- Haworth c. 1960

Background information
- Birth name: Herschel Haworth Jr.
- Also known as: Speedy Haworth, Junior Haworth
- Born: May 16, 1922
- Origin: Springfield, Missouri, USA
- Died: February 26, 2008 (aged 85) Springfield, Missouri
- Genres: country, gospel
- Occupation(s): guitarist, singer, songwriter, radio and TV performer, recording artist
- Instrument(s): Fender Stratocaster acoustic guitar double neck guitar
- Years active: 1932–2008
- Labels: RCA Universal
- Formerly of: Slim Wilson Porter Wagoner Patsy Cline Don Warden Shirley Haworth Stormie Haworth The Tall Timber Trio The Goodwill Trio

= Speedy Haworth =

American guitarist and singer

Herschel Haworth Jr. (May 16, 1922 - February 26, 2008), better known as Speedy Haworth, was an American guitarist and singer who was involved with the golden age of country music broadcasting in the Ozarks. He was a featured cast member of ABC-TV's Ozark Jubilee from 1955-1960 and is a member of the Missouri Country Music Hall of Fame.

==Biography==

===Early years===

Haworth was born on May 15, 1922, in Springfield, Missouri, at home. His father, Herschel Haworth, was a carpenter of English ancestry. His mother was Vancie Martha Haworth (née Wilson), whose family came to Missouri in a covered wagon from the hills of Tennessee and settled in Nixa, Missouri. She had five sisters: Cassie, Carrie, Edna, Bertha and Myrtle; and one brother, Clyde "Slim" Wilson. The family was musical on his mother's side, therefore Haworth learned to play guitar. His mother and her sisters and brothers often sang together at church functions, and there are some folk music recordings of them in the Library of Congress.
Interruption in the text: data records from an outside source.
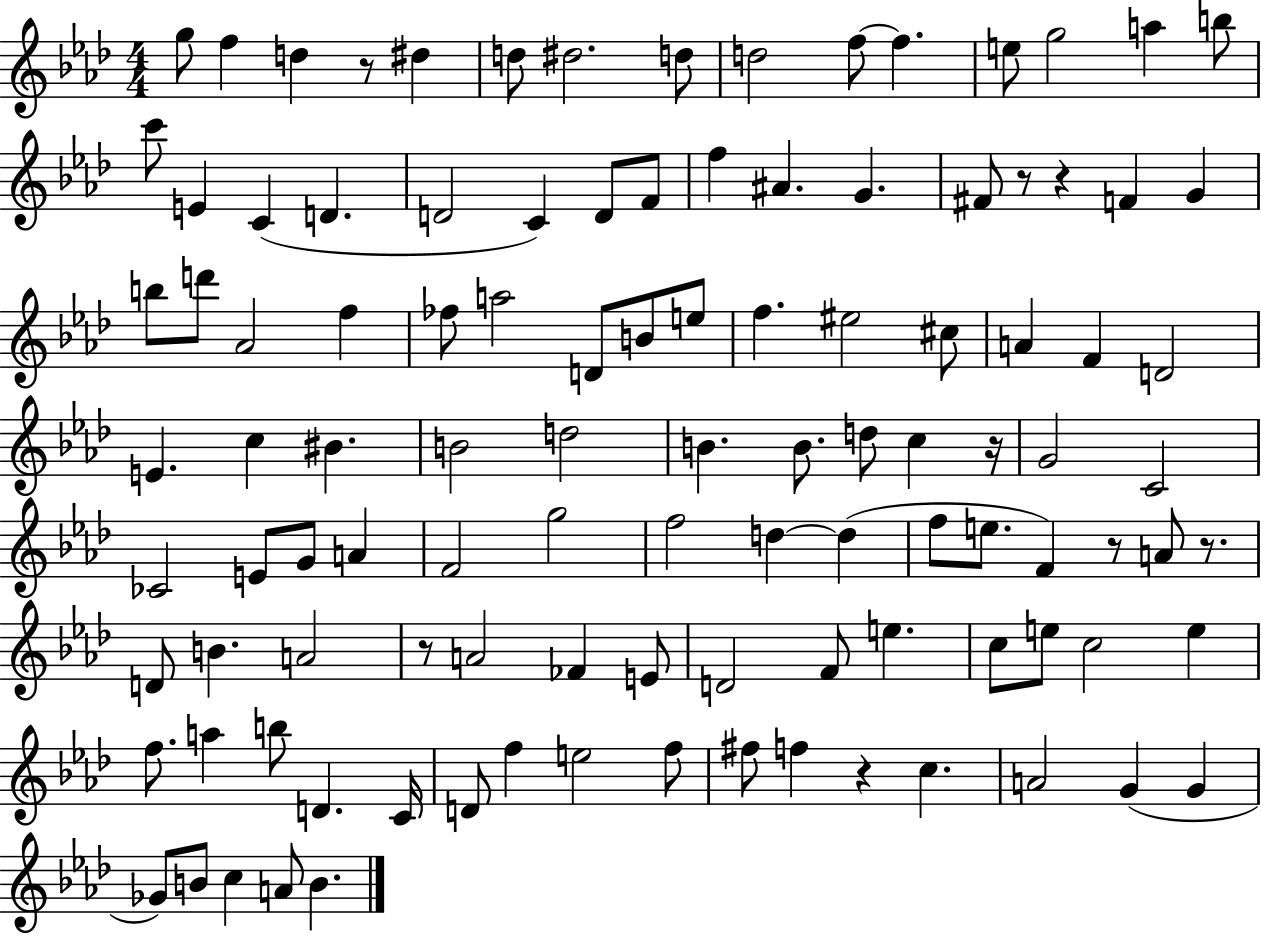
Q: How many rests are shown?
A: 8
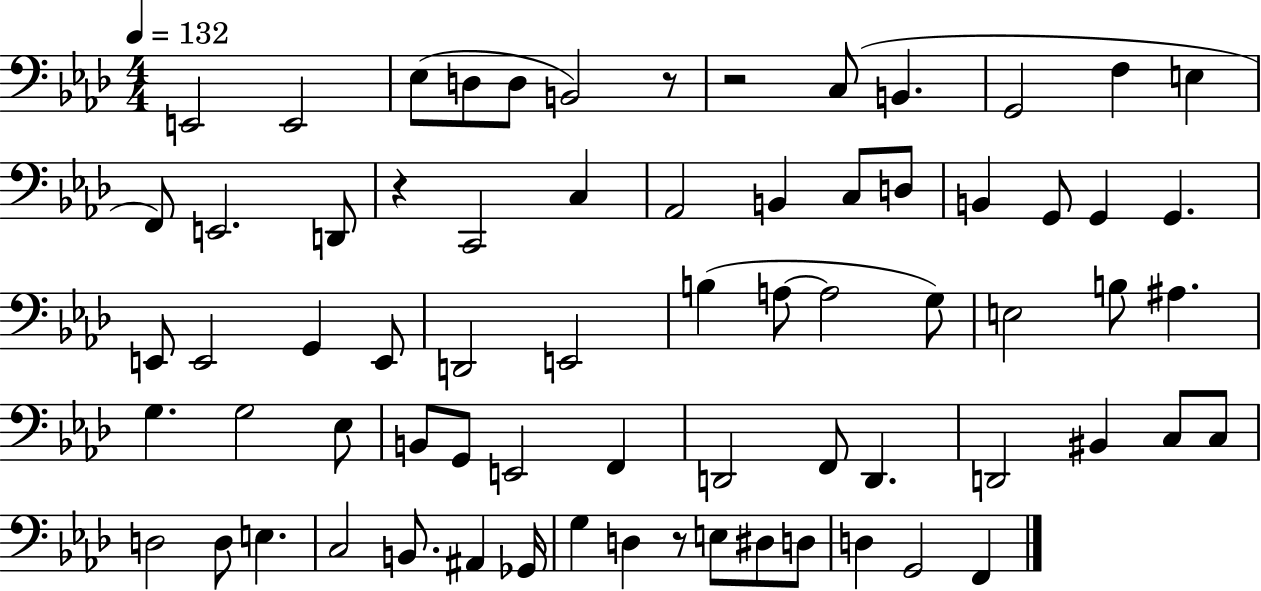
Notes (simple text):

E2/h E2/h Eb3/e D3/e D3/e B2/h R/e R/h C3/e B2/q. G2/h F3/q E3/q F2/e E2/h. D2/e R/q C2/h C3/q Ab2/h B2/q C3/e D3/e B2/q G2/e G2/q G2/q. E2/e E2/h G2/q E2/e D2/h E2/h B3/q A3/e A3/h G3/e E3/h B3/e A#3/q. G3/q. G3/h Eb3/e B2/e G2/e E2/h F2/q D2/h F2/e D2/q. D2/h BIS2/q C3/e C3/e D3/h D3/e E3/q. C3/h B2/e. A#2/q Gb2/s G3/q D3/q R/e E3/e D#3/e D3/e D3/q G2/h F2/q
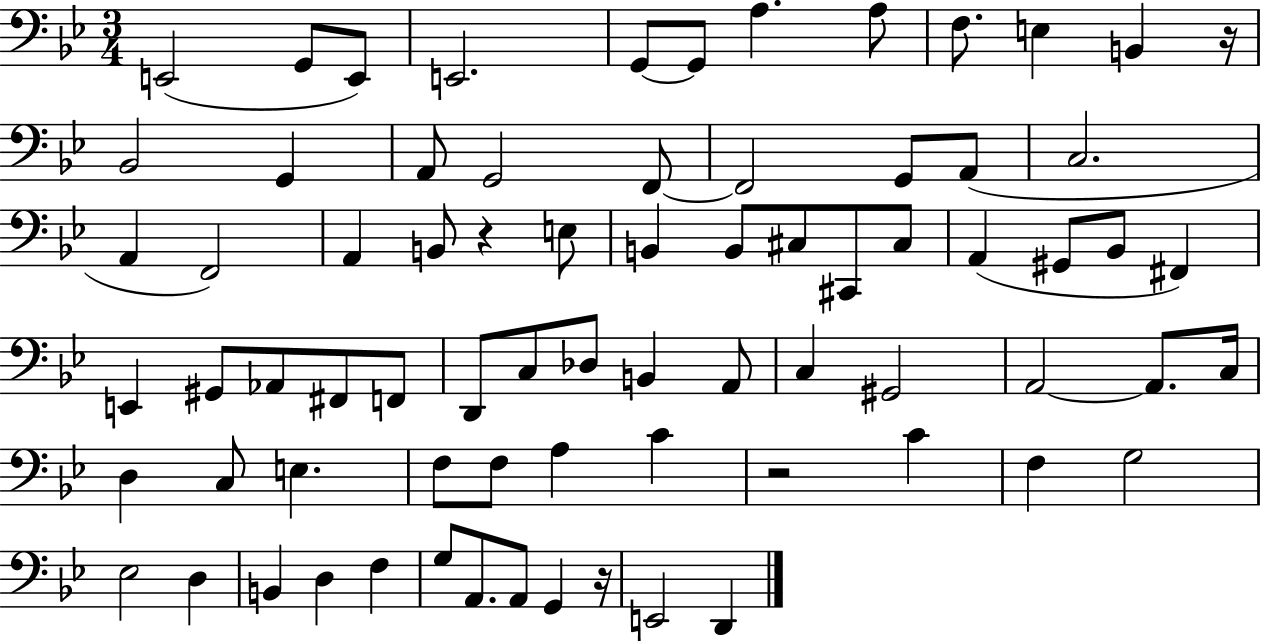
E2/h G2/e E2/e E2/h. G2/e G2/e A3/q. A3/e F3/e. E3/q B2/q R/s Bb2/h G2/q A2/e G2/h F2/e F2/h G2/e A2/e C3/h. A2/q F2/h A2/q B2/e R/q E3/e B2/q B2/e C#3/e C#2/e C#3/e A2/q G#2/e Bb2/e F#2/q E2/q G#2/e Ab2/e F#2/e F2/e D2/e C3/e Db3/e B2/q A2/e C3/q G#2/h A2/h A2/e. C3/s D3/q C3/e E3/q. F3/e F3/e A3/q C4/q R/h C4/q F3/q G3/h Eb3/h D3/q B2/q D3/q F3/q G3/e A2/e. A2/e G2/q R/s E2/h D2/q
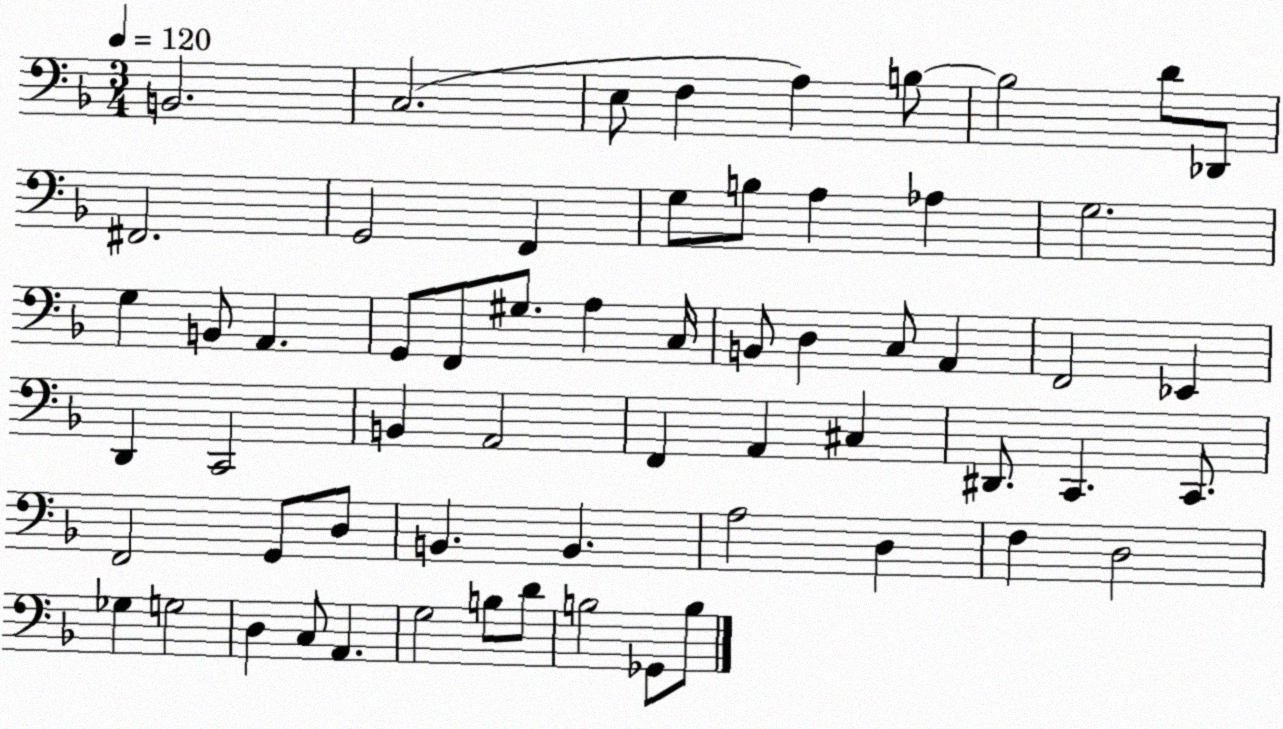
X:1
T:Untitled
M:3/4
L:1/4
K:F
B,,2 C,2 E,/2 F, A, B,/2 B,2 D/2 _D,,/2 ^F,,2 G,,2 F,, G,/2 B,/2 A, _A, G,2 G, B,,/2 A,, G,,/2 F,,/2 ^G,/2 A, C,/4 B,,/2 D, C,/2 A,, F,,2 _E,, D,, C,,2 B,, A,,2 F,, A,, ^C, ^D,,/2 C,, C,,/2 F,,2 G,,/2 D,/2 B,, B,, A,2 D, F, D,2 _G, G,2 D, C,/2 A,, G,2 B,/2 D/2 B,2 _G,,/2 B,/2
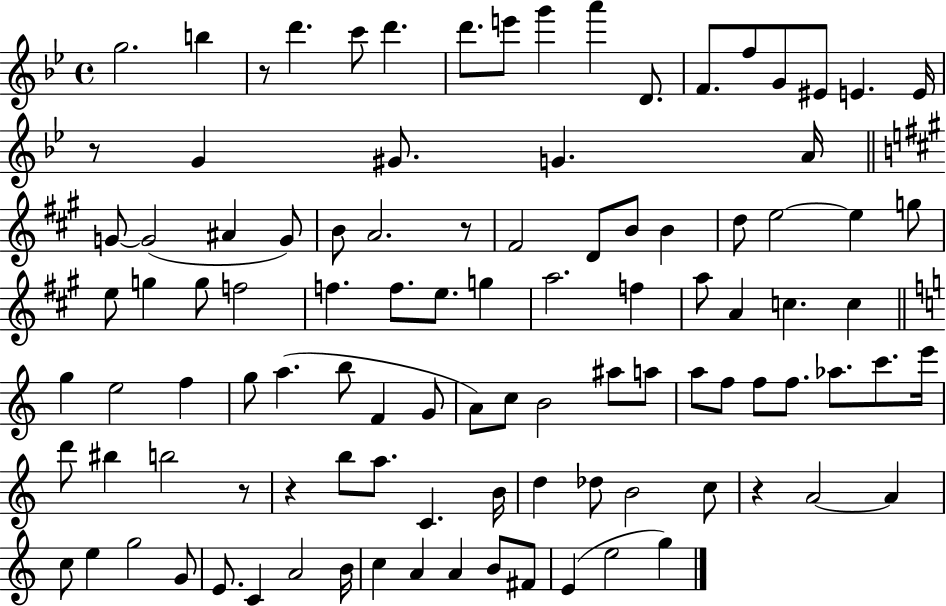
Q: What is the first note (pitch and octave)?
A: G5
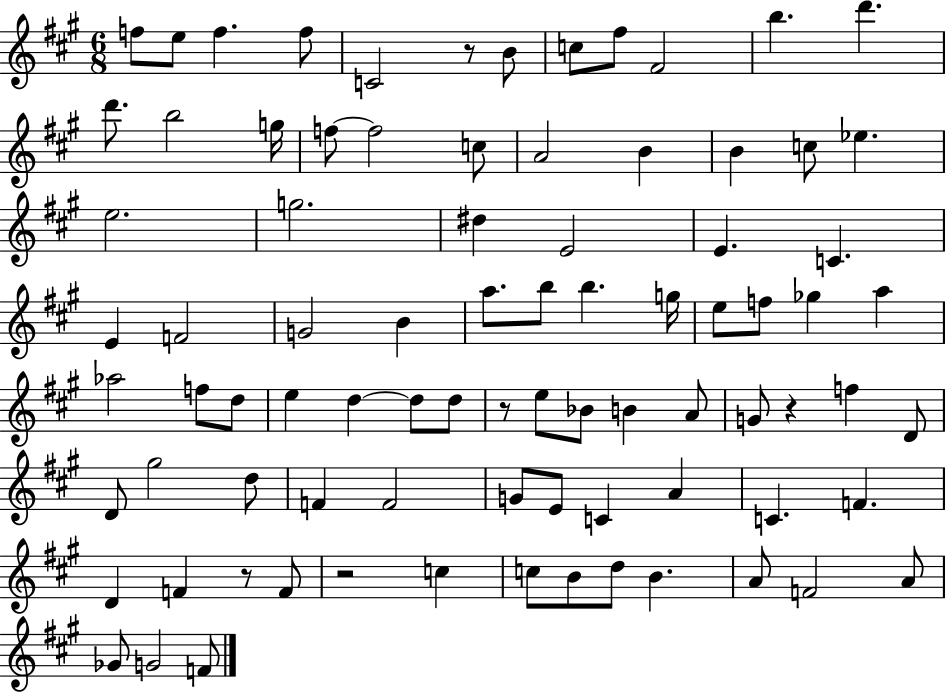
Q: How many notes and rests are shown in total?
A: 84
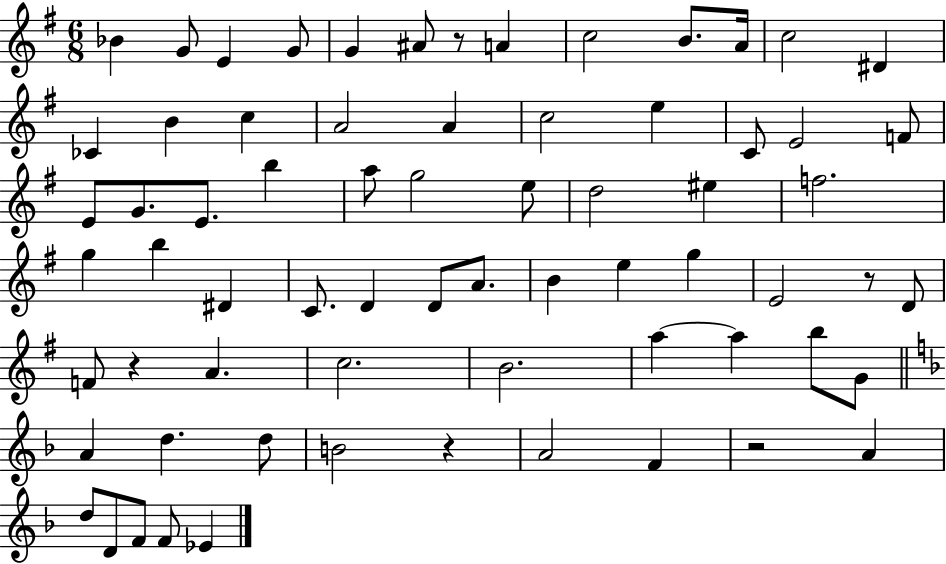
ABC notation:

X:1
T:Untitled
M:6/8
L:1/4
K:G
_B G/2 E G/2 G ^A/2 z/2 A c2 B/2 A/4 c2 ^D _C B c A2 A c2 e C/2 E2 F/2 E/2 G/2 E/2 b a/2 g2 e/2 d2 ^e f2 g b ^D C/2 D D/2 A/2 B e g E2 z/2 D/2 F/2 z A c2 B2 a a b/2 G/2 A d d/2 B2 z A2 F z2 A d/2 D/2 F/2 F/2 _E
Haworth won a yodeling contest when he was 10, and was notable by the age of 21.

===Radio career===
Haworth started appearing on the radio with George Earle (dropped Wilson for professional name)--no relation to Slim and Aunt Martha. Earle read the Sunday newspaper comics on the air and Haworth sang and played guitar. He was later succeeded on the "funny paper" program by Howard Lee Arthur and "Little Eddie" Smith. His mother, known on-air as "Aunt Martha", Junior (later called "Speedy) and her brother, Slim Wilson, formed The Goodwill Trio with Haworth as "Junior." They first appeared on KGBX-AM in Springfield in 1932, but moved to co-owned KWTO, the more powerful station, soon after it signed on in 1933. The group made its first public appearance in 1936 at the county courthouse in Galena at a fundraiser.

The trio later became The Goodwill Family when Guy Smith joined them as "Uncle George" and in 1935 "Little Eddie" (Smith)--no relation to "Uncle George". The station, heard across the Ozarks, was a stepping-stone during Haworth's years for such musicians as Porter Wagoner, Les Paul, Chet Atkins and The Browns. The Goodwill Family recorded 250 transcriptions for airing on KWTO when they toured.

===Television career===

Haworth was one of several KWTO performers who made the transition to television when Springfield's KYTV produced Ozark Jubilee beginning in December 1953. The program moved to ABC-TV in 1955 and introduced Haworth to a national television audience, where he played lead guitar and remained for the program's nearly six-year run. He also appeared on NBC-TV's Five Star Jubilee in 1961.

Beginning in 1964, he appeared on The Slim Wilson Show on KYTV as a member of the Tall Timber Trio with Wilson and Bob White.

===Chart successes===

Haworth, on electric guitar, was part of the original Porter Wagoner Trio with Don Warden (steel guitar). The group began touring, and 1954 brought Wagoner his first top 10 hit with "Company's Comin'". "A Satisfied Mind" came next, went to No. 1 for four weeks and stayed on the charts for more than eight months. In 1955, Wagoner also became a part of Ozark Jubilee, but on February 23, 1957, he moved to Nashville, Tennessee, and joined the Grand Ole Opry. Haworth performed in Nashville with Wagoner, Rex Allen, and Leroy Van Dyke, but preferred living in Springfield. Haworth was later inducted into the Missouri Country Music Hall of Fame with Wagoner.

===Later years and death===

Later in his career, Haworth sang more gospel music and performed in smaller venues around the Ozarks and Nashville. He fell in Bolivar while going to play his guitar at a dance. He broke his hip and required several weeks of rehabilitation after surgery.
He suffered from Parkinson's disease and was in hospice care for several weeks before his death on February 26, 2008. Haworth was buried in Springfield's Eastlawn Cemetery.

==Legacy==
Haworth Court is among several streets in a residential neighborhood northeast of downtown Nixa, Missouri named for performers on Ozark Jubilee, including Red Foley Court, Zed Tennis Street, Slim Wilson Boulevard and Ozark Jubilee Drive.